In October 1863, Danneskiold-Samsøe and her sister, Countess Amy, attended a dinner given by the Prince of Wales at Marlborough House in honour of King George I of Greece. Among the company were the Duke of Cambridge, the Danish Minister Christian Høyer Bille, the Marquess and Marchioness of Ailesbury, members of the Danish legation, and senior courtiers including Lord Harris, Odo Russell, and Lieutenant-General Knollys. The band of the Coldstream Guards performed during dinner.

Her fraternal niece, Countess Mary Danneskiold-Samsøe, married Sir Edward Goschen, 2nd Baronet.

== Death and funeral ==
She died on 11 January 1880, aged 43, at Wrotham Park, and was buried on 17 January at Potters Bar, Middlesex. She is commemorated with her husband at the Byng Mausoleum on the Wrotham Park estate.

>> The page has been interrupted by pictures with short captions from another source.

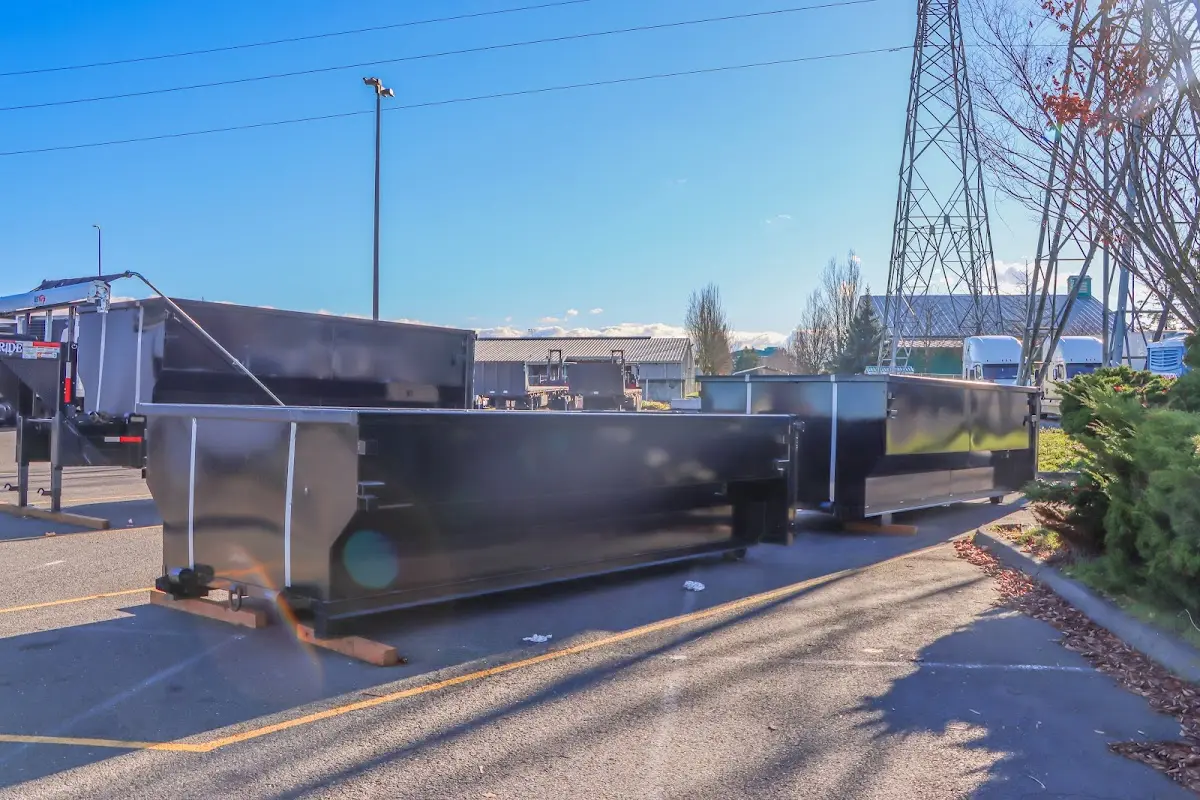 Roll-off dumpster ready for waste disposal at job site for Yard Waste Dumpster Rental in Logan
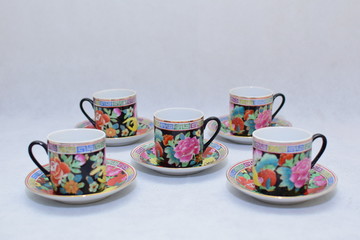 Mock up / design set of elegant and traditional colorful coffee cup & Tea cup on cup's plate , drink-ware , kitchen isolated on white background 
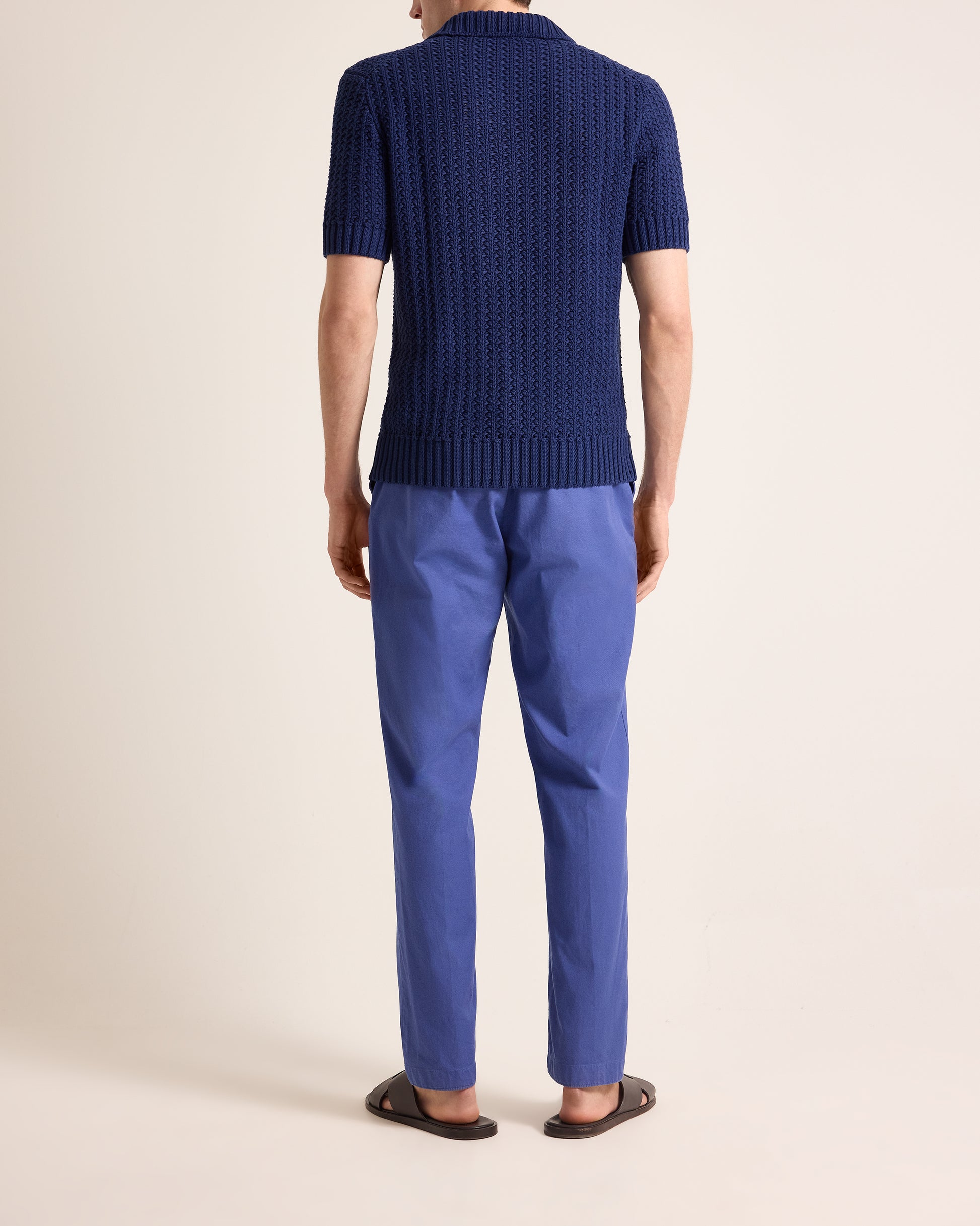 Person wearing a blue knitted sweater and matching pants on a beige background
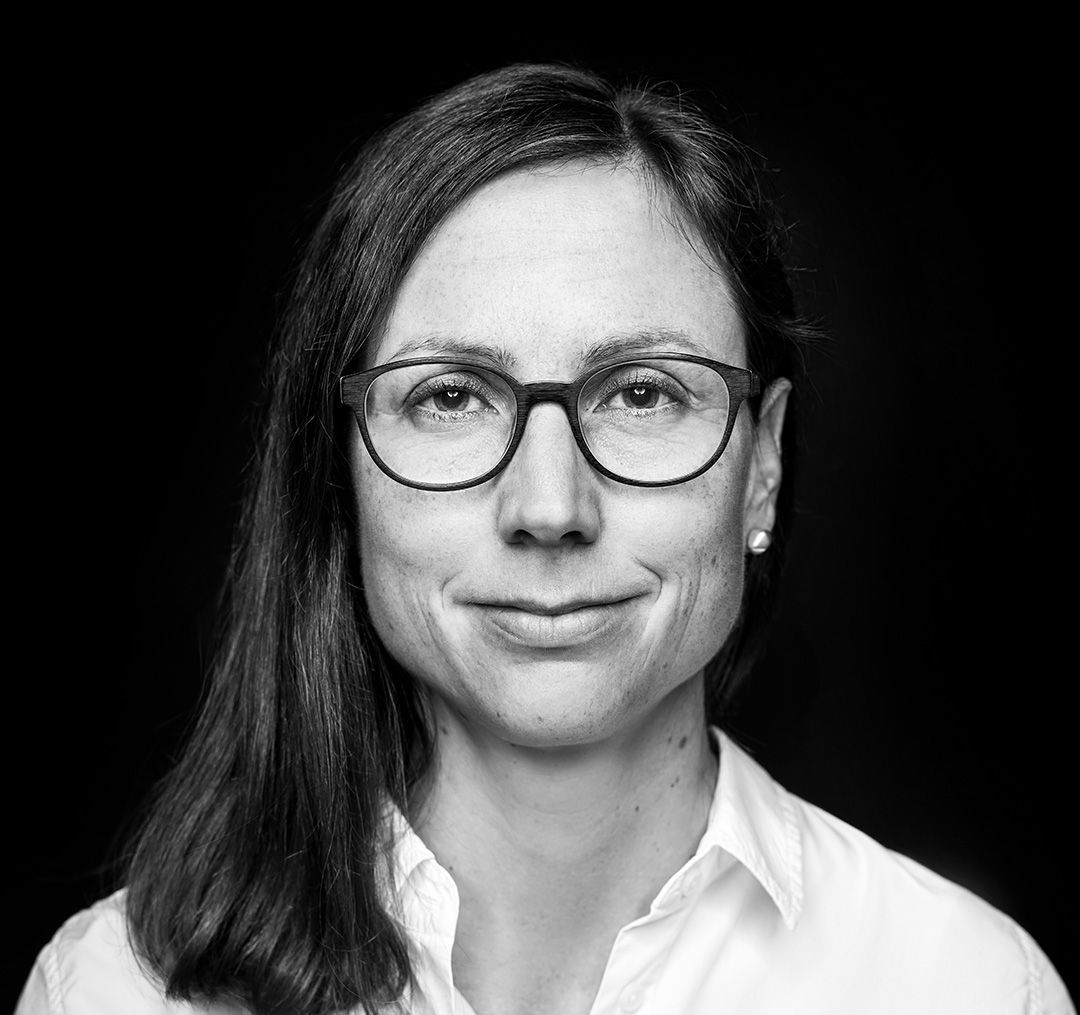 Ein Schwarzweissfoto einer Frau mit Brille und weissem Hemd.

Among the funeral attendants were her husband and four children, her father Count Christian Danneskiold-Samsøe, the Marchioness of Ailesbury, Lords Robert and Charles Bruce, Viscount Torrington, and other relatives of the Brudenell-Bruce and Byng families. Other attendees included Richard Meade, 4th Earl of Clanwilliam and Catherine Murray, Countess of Dunmore with families. The service was conducted by the Hon. and Rev. Francis Byng and the Rev. E. Ketur Browne, assisted by the Rev. H. G. Watkins, vicar of Potter’s Bar. Queen Victoria sent wreaths, represented by Lord Colville of Culross acting for the Prince and Princess of Wales, while Colonel George Gordon attended on behalf of Prince and Princess Christian. Owing to "indisposition", her father-in-law, the 2nd Earl of Strafford was unable to attend.